→ DIRECTIONS FOR THIS TASK
Beginning with the first entry, set down each one exactly as shown.

→ DATA FOR THE TASK
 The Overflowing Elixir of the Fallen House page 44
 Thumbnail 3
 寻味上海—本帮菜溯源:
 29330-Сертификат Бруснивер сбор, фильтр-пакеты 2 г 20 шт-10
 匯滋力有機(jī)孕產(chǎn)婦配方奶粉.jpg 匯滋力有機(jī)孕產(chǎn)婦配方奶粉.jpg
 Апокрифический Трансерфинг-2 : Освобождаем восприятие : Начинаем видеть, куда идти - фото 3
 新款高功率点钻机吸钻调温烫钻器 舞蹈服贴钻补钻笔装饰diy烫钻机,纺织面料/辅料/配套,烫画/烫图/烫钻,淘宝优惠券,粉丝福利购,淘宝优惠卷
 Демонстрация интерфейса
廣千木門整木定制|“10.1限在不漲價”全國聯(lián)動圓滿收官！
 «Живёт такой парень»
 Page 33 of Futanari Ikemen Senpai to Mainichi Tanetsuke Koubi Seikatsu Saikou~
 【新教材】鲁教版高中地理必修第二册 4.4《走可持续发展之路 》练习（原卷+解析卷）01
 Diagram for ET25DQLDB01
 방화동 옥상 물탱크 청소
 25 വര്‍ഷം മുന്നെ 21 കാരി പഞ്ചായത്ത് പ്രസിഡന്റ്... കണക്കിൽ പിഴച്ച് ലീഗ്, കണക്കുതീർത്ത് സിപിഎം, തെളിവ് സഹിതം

→ SOLVED EXERCISE
 The Overflowing Elixir of the Fallen House page 44
 Thumbnail 3
 寻味上海—本帮菜溯源:
 29330-Сертификат Бруснивер сбор, фильтр-пакеты 2 г 20 шт-10
 匯滋力有機(jī)孕產(chǎn)婦配方奶粉.jpg 匯滋力有機(jī)孕產(chǎn)婦配方奶粉.jpg
 Апокрифический Трансерфинг-2 : Освобождаем восприятие : Начинаем видеть, куда идти - фото 3
 新款高功率点钻机吸钻调温烫钻器 舞蹈服贴钻补钻笔装饰diy烫钻机,纺织面料/辅料/配套,烫画/烫图/烫钻,淘宝优惠券,粉丝福利购,淘宝优惠卷
 Демонстрация интерфейса
廣千木門整木定制|“10.1限在不漲價”全國聯(lián)動圓滿收官！
 «Живёт такой парень»
 Page 33 of Futanari Ikemen Senpai to Mainichi Tanetsuke Koubi Seikatsu Saikou~
 【新教材】鲁教版高中地理必修第二册 4.4《走可持续发展之路 》练习（原卷+解析卷）01
 Diagram for ET25DQLDB01
 방화동 옥상 물탱크 청소
 25 വര്‍ഷം മുന്നെ 21 കാരി പഞ്ചായത്ത് പ്രസിഡന്റ്... കണക്കിൽ പിഴച്ച് ലീഗ്, കണക്കുതീർത്ത് സിപിഎം, തെളിവ് സഹിതം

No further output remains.